• **Work to be completed**
Every entry is to be reproduced word for word, but the images are not.

[Image-caption web data]
_ _ _ _

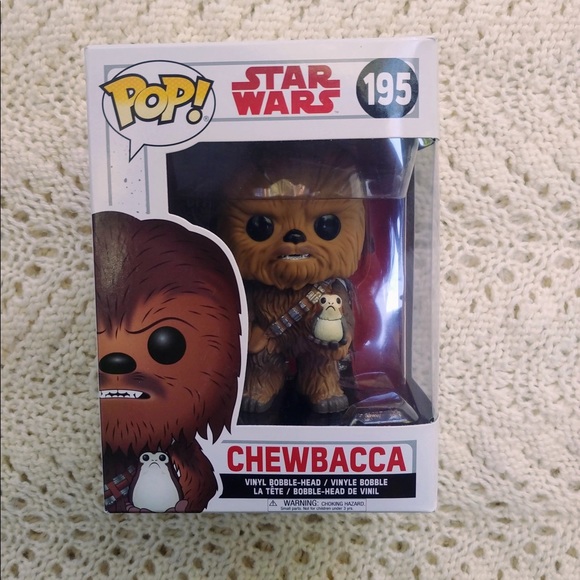 Star Wars Pop Figures x3 - Picture 2 of 4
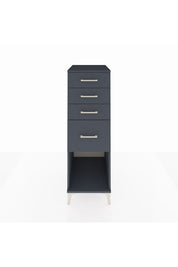 Kronos Dolap 4 Çekmeceli 44x59x134 - S82M085V5C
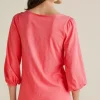 Parisian Poet Top<Soft Surroundings Hot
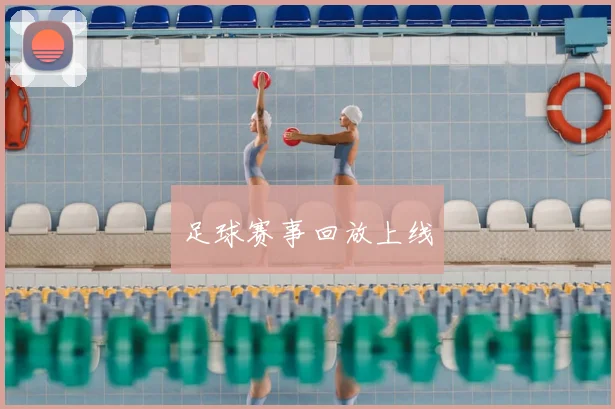 足球赛事回放上线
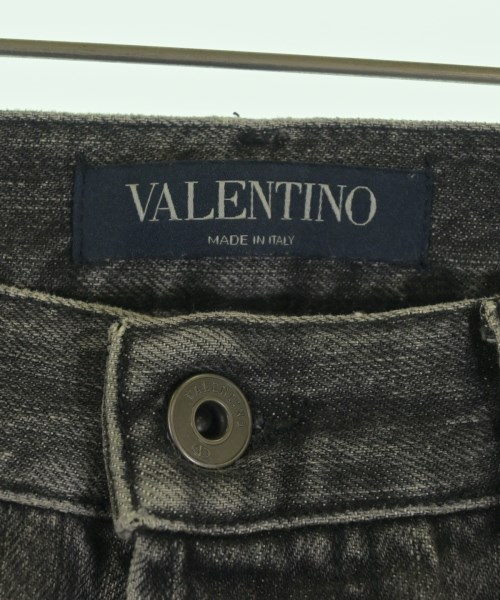 VALENTINO（ヴァレンティノ）デニムパンツ グレー サイズ:32(L位) メンズ/2200627807015
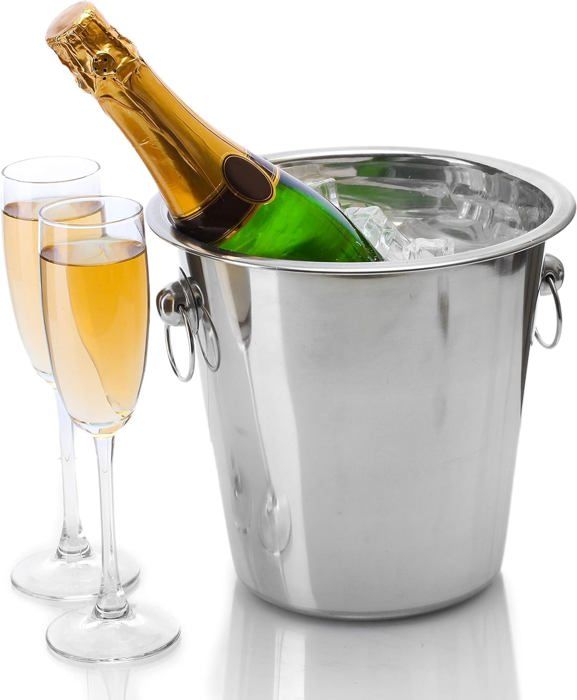 Seau à Champagne ou à glace PIPER Heidsieck Reims Ice Bucket | les brocanteurs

_ _ _ _

• **Task response**
 Star Wars Pop Figures x3 - Picture 2 of 4
 Kronos Dolap 4 Çekmeceli 44x59x134 - S82M085V5C
 Parisian Poet Top<Soft Surroundings Hot
 足球赛事回放上线
 VALENTINO（ヴァレンティノ）デニムパンツ グレー サイズ:32(L位) メンズ/2200627807015
 Seau à Champagne ou à glace PIPER Heidsieck Reims Ice Bucket | les brocanteurs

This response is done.